The lira traded at 2.25 per dollar on Wednesday afternoon, unchanged from before the central bank raised interest rates.
South Africa also raised its interest rates Wednesday but the move failed to shore up its currency. The South African rand dropped 3 percent against the dollar to trade at 11.26 rand per dollar.
THE BIGGER PICTURE: The S&P 500 has dropped more than 3 percent since the emerging market jitters first surfaced last Thursday. A survey showed that manufacturing in China, the world's second-biggest economy, was slowing in January. Stocks have extended their declines as emerging market currencies including the Turkish lira, the Argentinian peso and the South African rand have been battered in recent days.
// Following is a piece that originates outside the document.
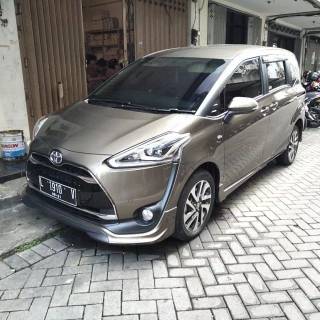 Toyota Sienta wallpaper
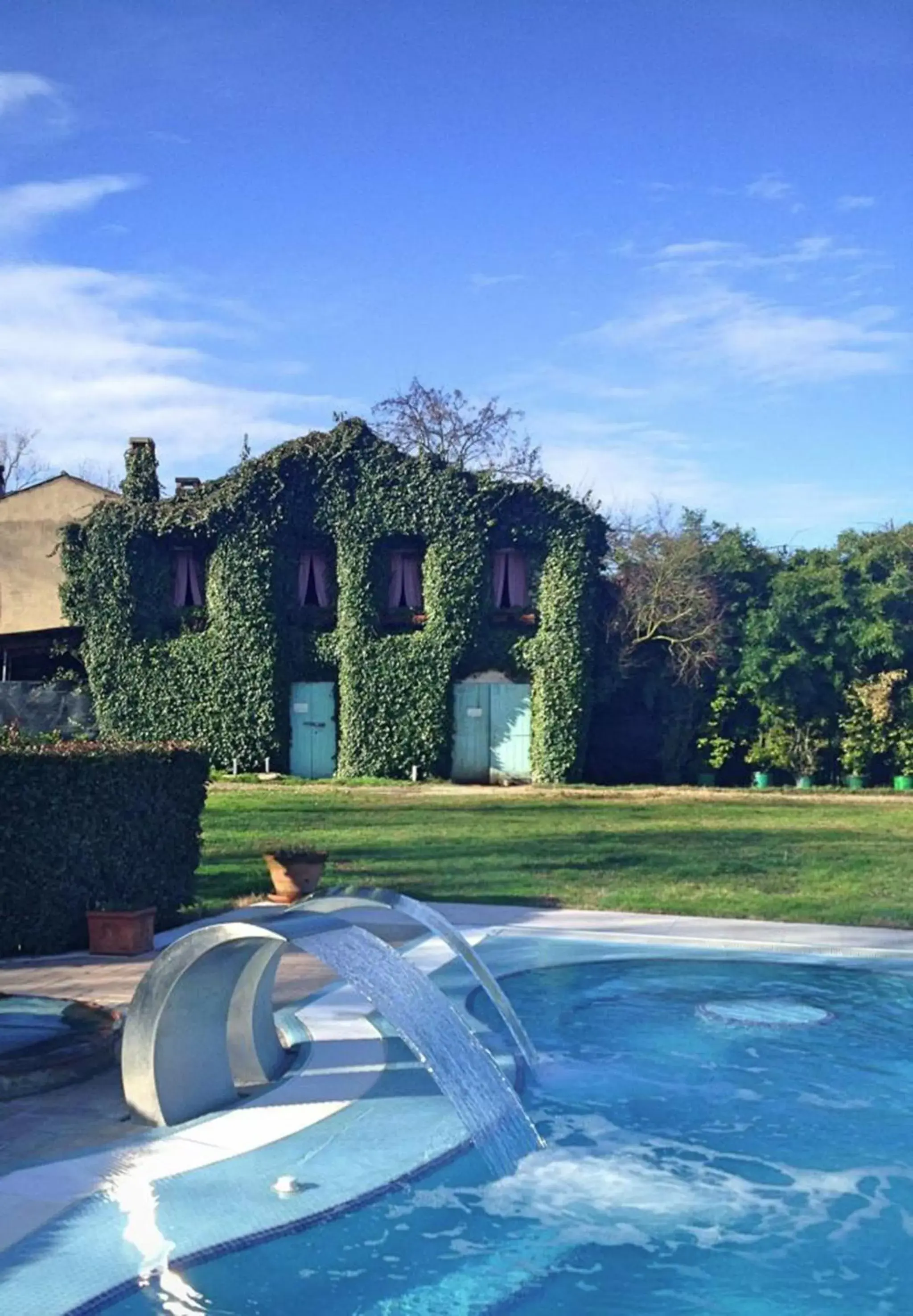 Garden, Swimming Pool in Terme Preistoriche Resort & Spa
NOT GOOGLE: Yahoo fell $2.82, or 7.4 percent, to $35.40 after the internet company reported a drop in fourth-quarter revenue late Tuesday, highlighting its trouble attracting online advertising dollars. Yahoo reported a 6 percent decline in revenue, the same rate of decline for all of 2013.
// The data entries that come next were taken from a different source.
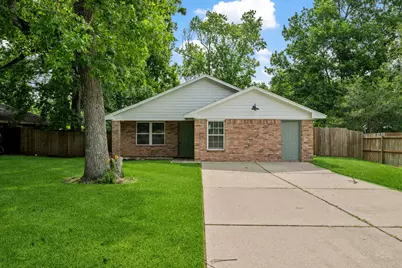 157 Hillside Drive, Liberty, TX 77575 - Photo 1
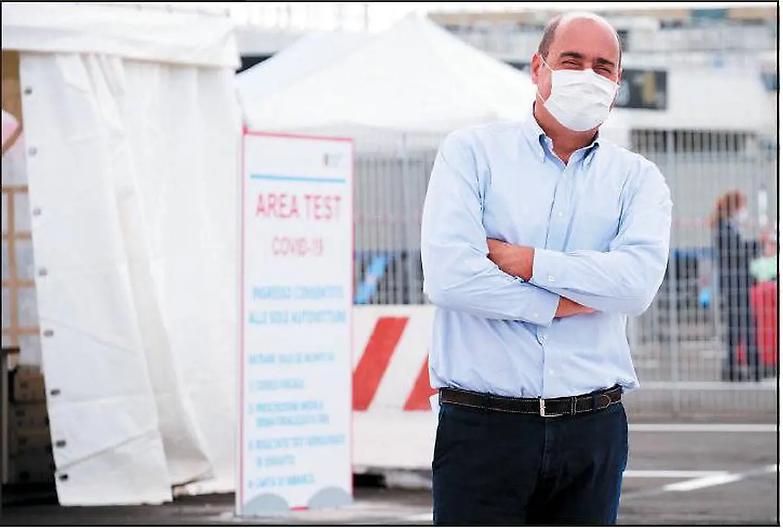 Fuoco amico su Zingaretti aspettando Bonaccini. E Renzi osserva interessato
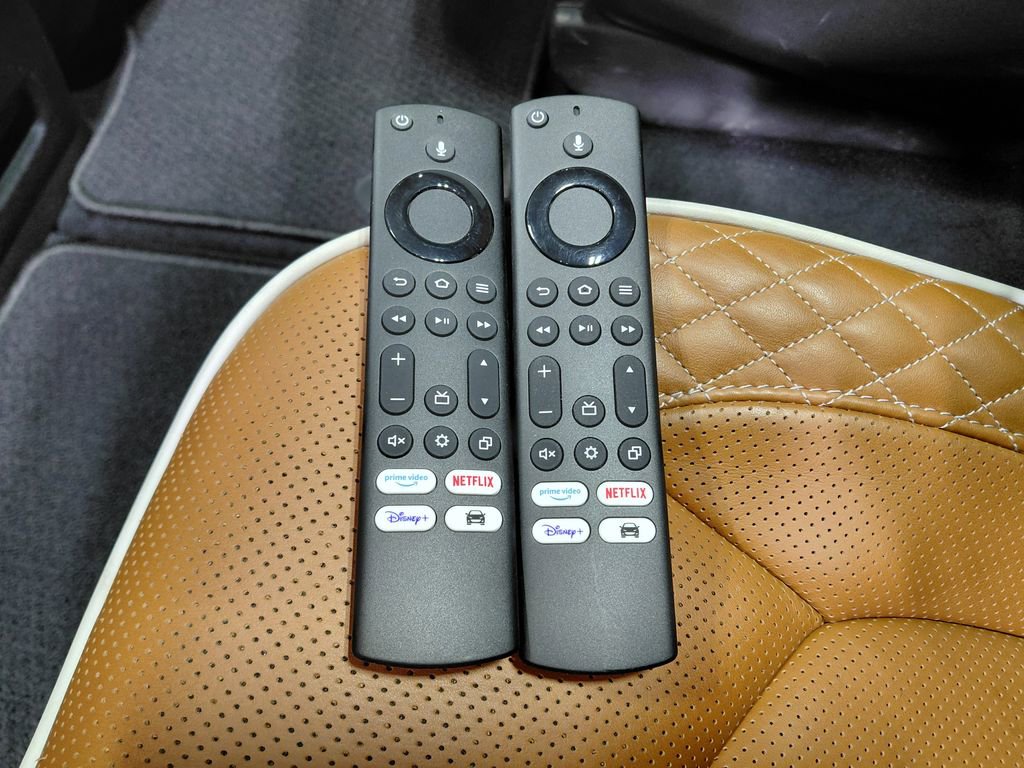 Used 2024 Chrysler Pacifica Pinnacle w/ Trailer Tow Group FWD image 27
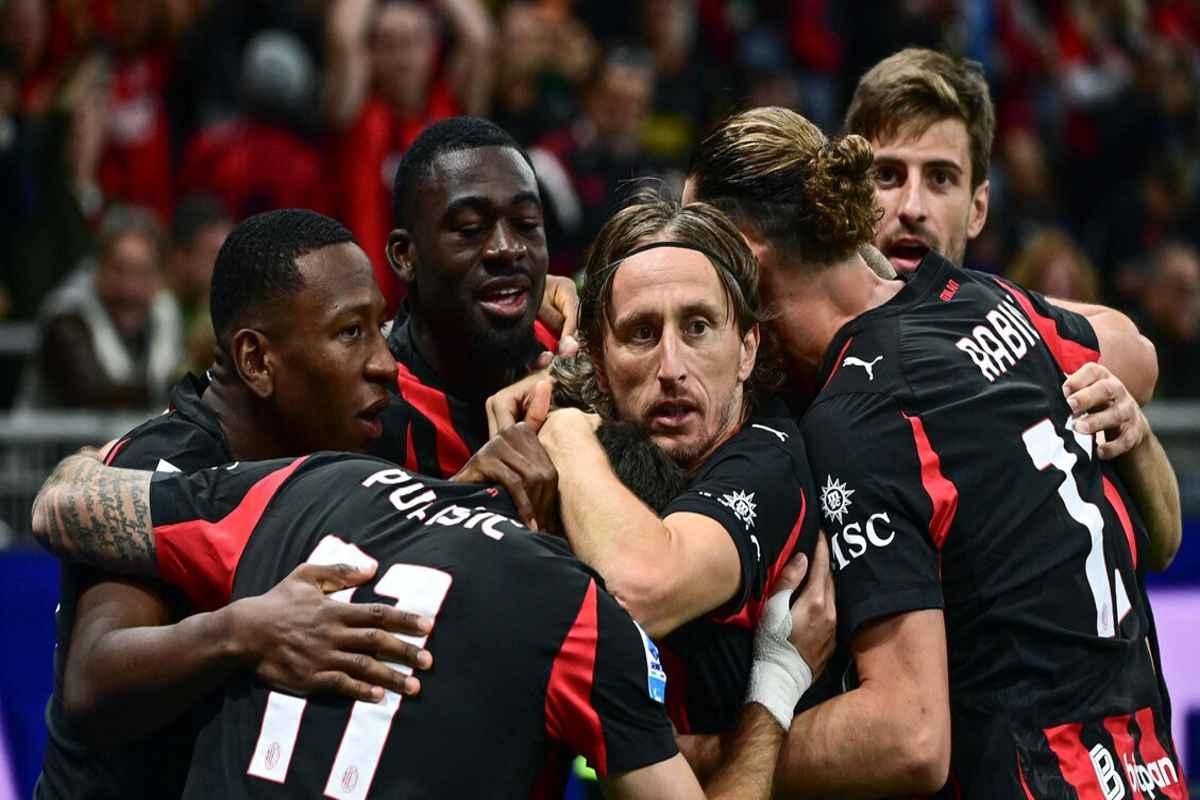 Milan supera il Napoli in un entusiasmante scontro: 2-1 finale
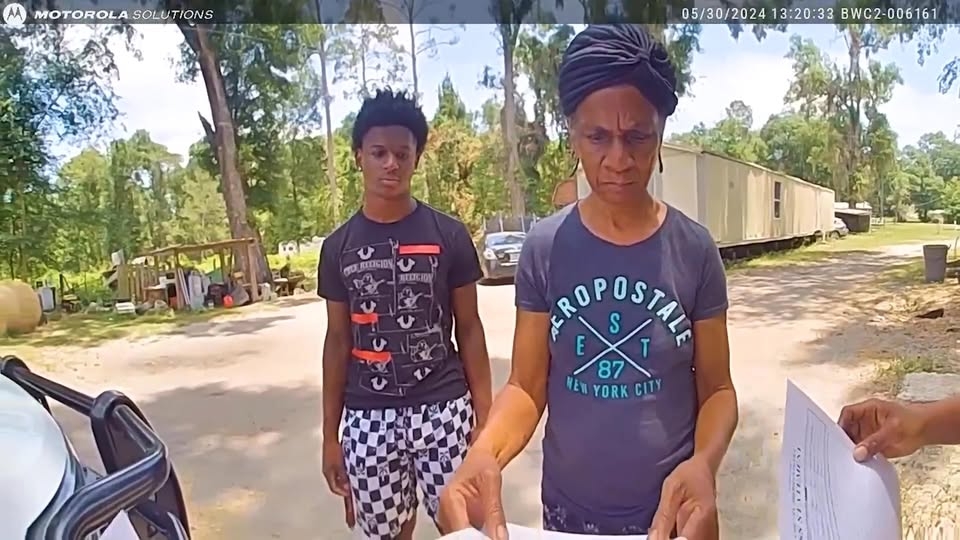 70yo Woman Takes on Police V2709 015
PLANE DISAPPOINTEMENT: Boeing fell $8.32, or 6 percent, to $128.77 after the plane maker said that 2014 revenue and profit would fall short of analysts' expectations as the pace of orders slows.
PHONING IT IN: AT&T, the nation's biggest telecommunications company, fell 20 cents, or 0.6 percent, to $33.50 after its outlook for the year disappointed investors. The phone company said its forecast "assumes no lift from the economy," and forecast earnings in the mid-single digit range.
AMONG THE WINNERS: Dow Chemical rose $1.88, or 4.4 percent, to $44.94 after the company increased its quarterly dividend and expanded its share-purchase program.
TREASURYS AND COMMODITIES: Bond prices rose. The yield on the 10-year Treasury note fell to 2.71 percent from 2.75 percent. The price of oil eased 1 cent to $97.40 a barrel. Gold rose $11.30, or 1 percent, to $1,262.10 an ounce.